Friday Factoids: Deindividuation–The UN-Valentine's Day Mode



Everyone has heard a story of a group of individuals committing a heinous crime against another individual. We often wonder where is the humanity in these individuals and think, “Well I would never do a thing like that!”


Myers (2004) in his book, Exploring Social Psychology, describes an event that occurred in 1991 in which an eyewitness videotaped four Los Angeles police officers hitting unarmed Rodney King more than 50 times – fracturing his skull in nine places with their nightsticks and leaving him brain damaged and missing teeth – while 23 other officers watched passively. People all over the nation watching the video were shocked and began discussing police brutality and group violence. Another event that demonstrates the concept of doing something in a group that we would never do alone is the 1967 incident of 200 University of Oklahoma students gathering to watch a disturbed fellow student threatening to jump from a tower. The 200 students began chanting, “Jump, Jump….” The student jumped to his death.

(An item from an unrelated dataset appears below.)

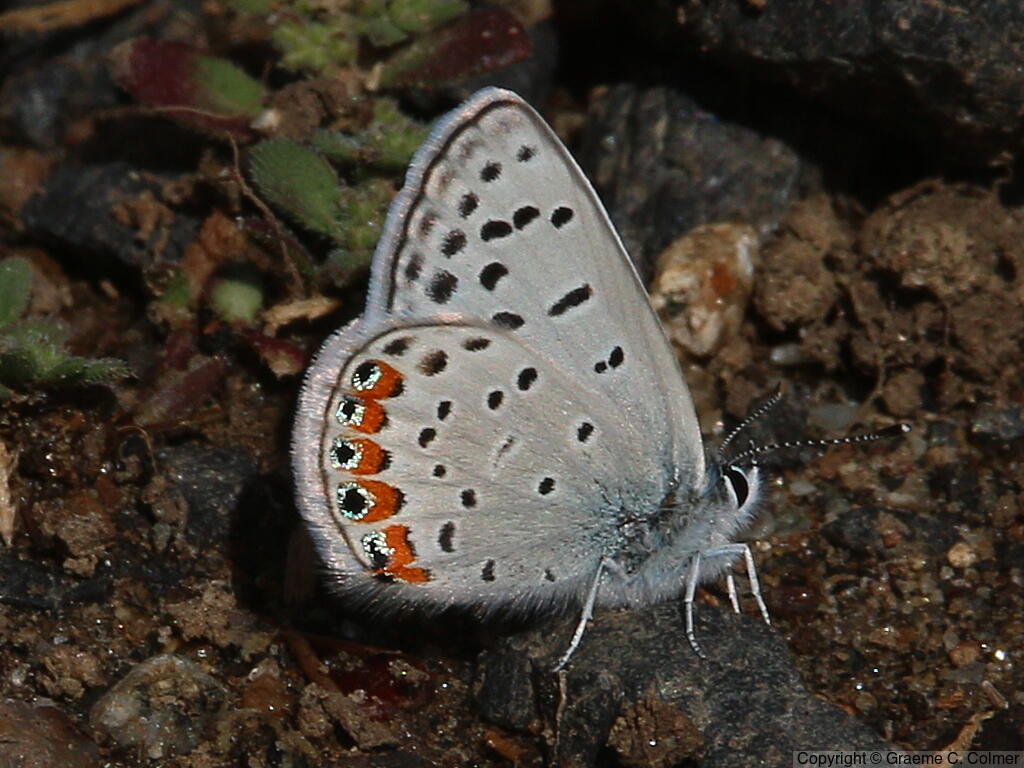 Acmon Blue (Icaricia acmon) - Adult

These events all have something in common: They are somehow provoked by the power of a group. In certain kinds of group situations, people are more likely to abandon normal restraints, lose their sense of individual identity, and become responsive to group or crowd norms, which has been labeled “deindividuated.” Self-awareness is considered to be the opposite of deindividuation. Individuals made self-aware by acting in front of a mirror or TV camera exhibit increased self-control, and their actions more clearly reflect their attitudes. Deindividuation decreases in circumstances that increase self-awareness: mirrors and cameras, small towns, bright lights, large name tags, undistracted quiet, individual clothes and houses.


When a teen leaves for a party, a parent’s parting advice should be, “Have fun and remember who you are.” In other words, enjoy being with the group, but be self-aware, maintaining your personal identity and don’t become deindividuated.


Myers, D.G. (2004). Exploring social psychology, 3rd ed. New York, NY: The McGraw-Hill Companies.